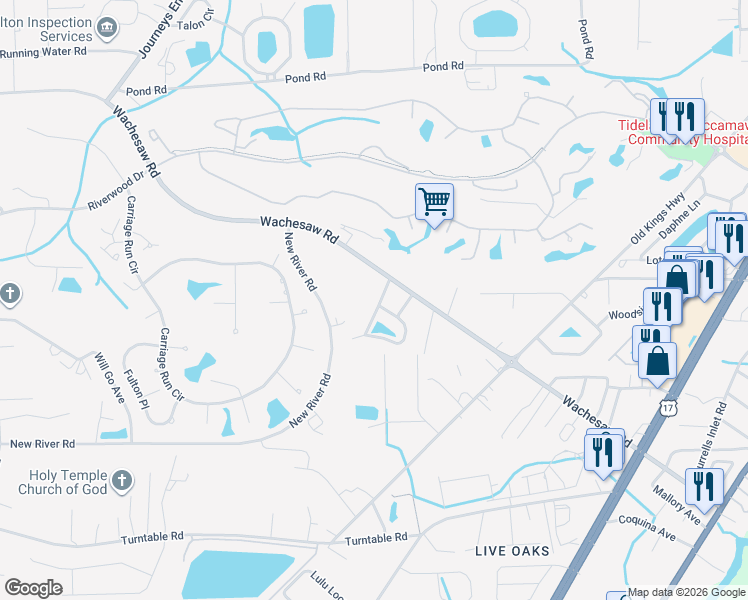 map of restaurants, bars, coffee shops, grocery stores, and more near 4006 Bayfield Loop in Murrells Inlet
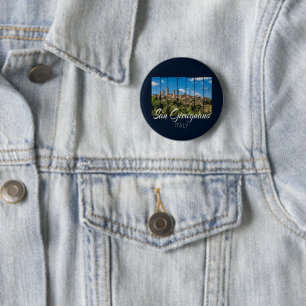 Badge Rond 5 Cm San Gimignano Toscane Italie Vinatge Vue panoramiq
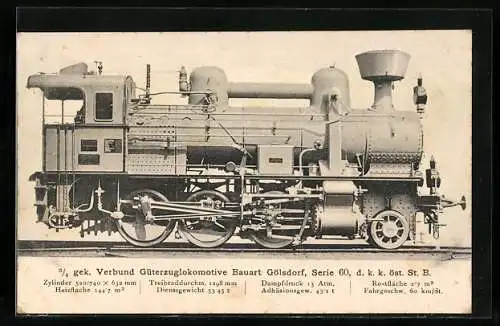 AK Güterzuglokomotive Bauart Gölsdorf, Serie 60, k.k. öst. St. B.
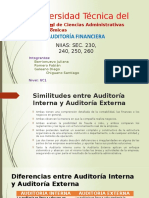 Similitudes y Diferencias Auditoría Int. y Ext.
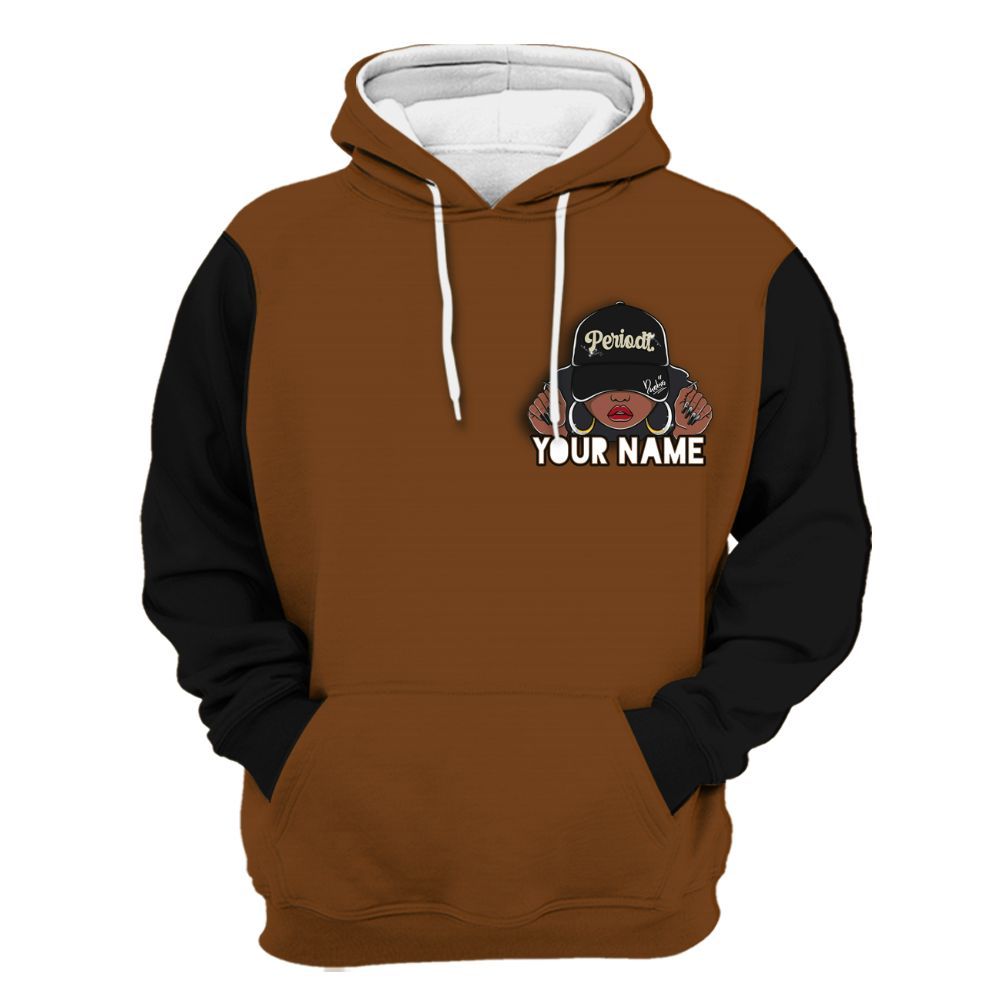 Hoodie To Match Archaeo Brown 5s Varsity Jacket, Custom Name Black Girl All Over Print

# # # #

Your task: The answer should match the data above word for word, with no pictures in it.

Answer to the problem:
 map of restaurants, bars, coffee shops, grocery stores, and more near 4006 Bayfield Loop in Murrells Inlet
 Badge Rond 5 Cm San Gimignano Toscane Italie Vinatge Vue panoramiq
 AK Güterzuglokomotive Bauart Gölsdorf, Serie 60, k.k. öst. St. B.
 Similitudes y Diferencias Auditoría Int. y Ext.
 Hoodie To Match Archaeo Brown 5s Varsity Jacket, Custom Name Black Girl All Over Print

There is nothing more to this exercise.